Cloud Native Data Science: Technology
by Dr. Phil Winder , CEO
Technology choices in data-driven products are, as you would expect, largely directed by the type and amount of data. The first and most crucial decision to make is whether the data will be processed in a batch or streaming fashion.
Other articles: Strategy | Technology | Best Practices
Stream or Batch?
The theoretical distinction between streaming and batching is less important than the practical implications. Streaming data implies a constant flow of new data and batch implies at least semi-static data when viewed from smaller timescales. But the distinction is fuzzy; you can stack streaming data and treat it like a batch process or use streaming methods even when update rates are slow. The real distinction is between the tools and technologies that have been developed to handle these two types of data. It is generally considered that problems are quicker and easier to solve if you can solve them in batch, but you lose the granularity of receiving rapid updates [1].
You can infer the regime from the problem definition. For example, detection automation problems (e.g. fraud detection) usually handle their data as a stream to allow for rapid response times. But application automation problems (e.g. customer churn, loan applications) can be handled in batch because this matches the underlying task.
Data Storage
The second key decision is the handling and storage of data. It can be hard to move data once it has come to rest, due to the size. So it makes sense to think carefully about storage requirements upfront. This is usually called Data Warehousing and has interesting implications for a Cloud Native architecture (terminology at the bottom).
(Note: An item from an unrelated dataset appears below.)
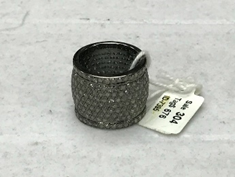 Cigar Shape Diamond Ring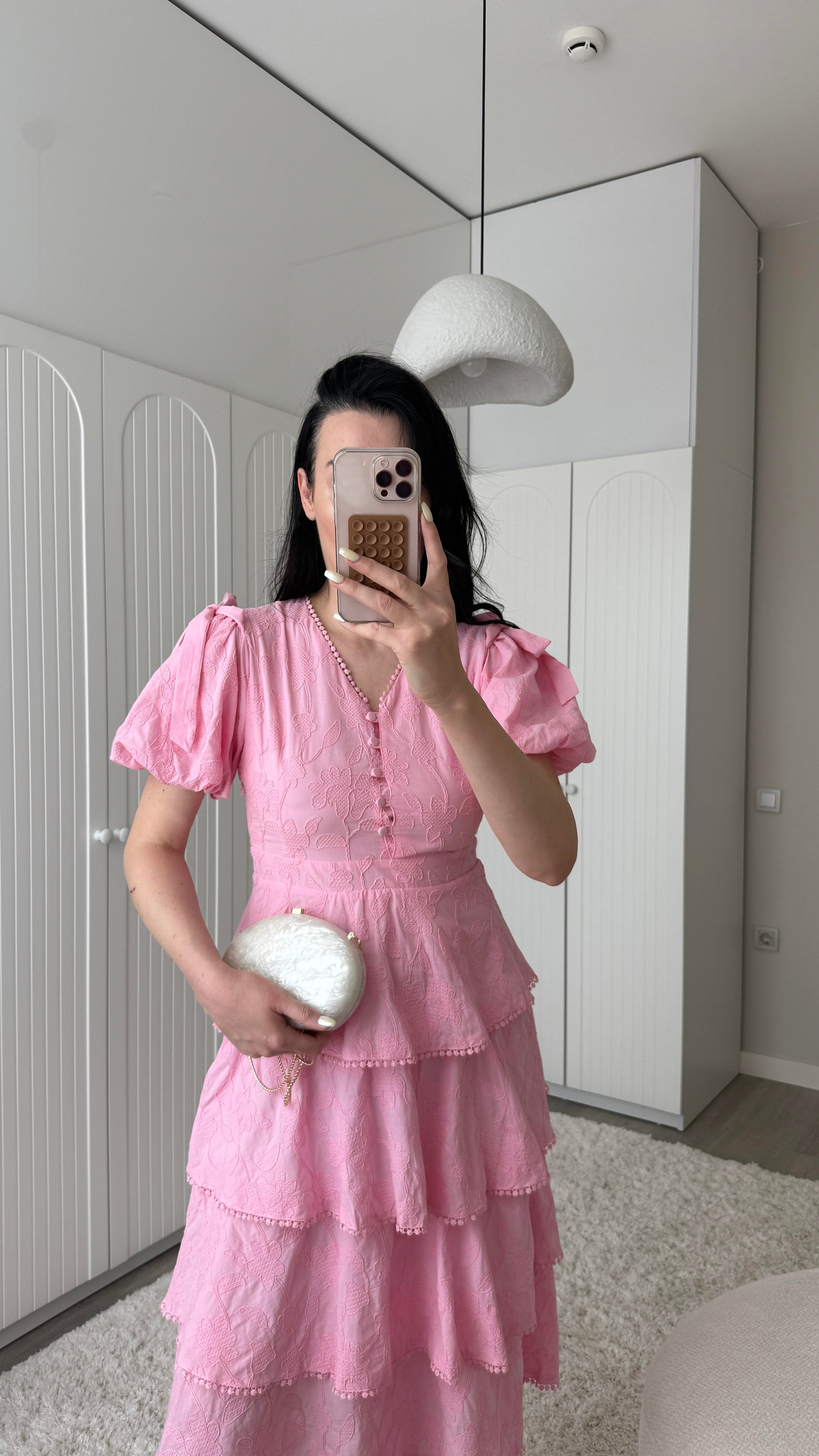 Pembe Kat Kat Luna Elbise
Many of the benefits of being Cloud Native are focused on the consumer-facing parts of an application. We want it to be resilient because we don’t want our consumers to see our broken code. We want it to be scalable so that we can meet demand. The main way in which Cloud Native techniques achieve this is through immutability. Scalability and resiliency is the result of replicating a small amount of code many times (e.g. containers). But data, by definition, is mutable. It is constantly changing. This means we have to repeatedly move new data.
Therefore the real challenge is how to best move the data from one place to another. And the key decision to be made is when, how and in what form this data is moved.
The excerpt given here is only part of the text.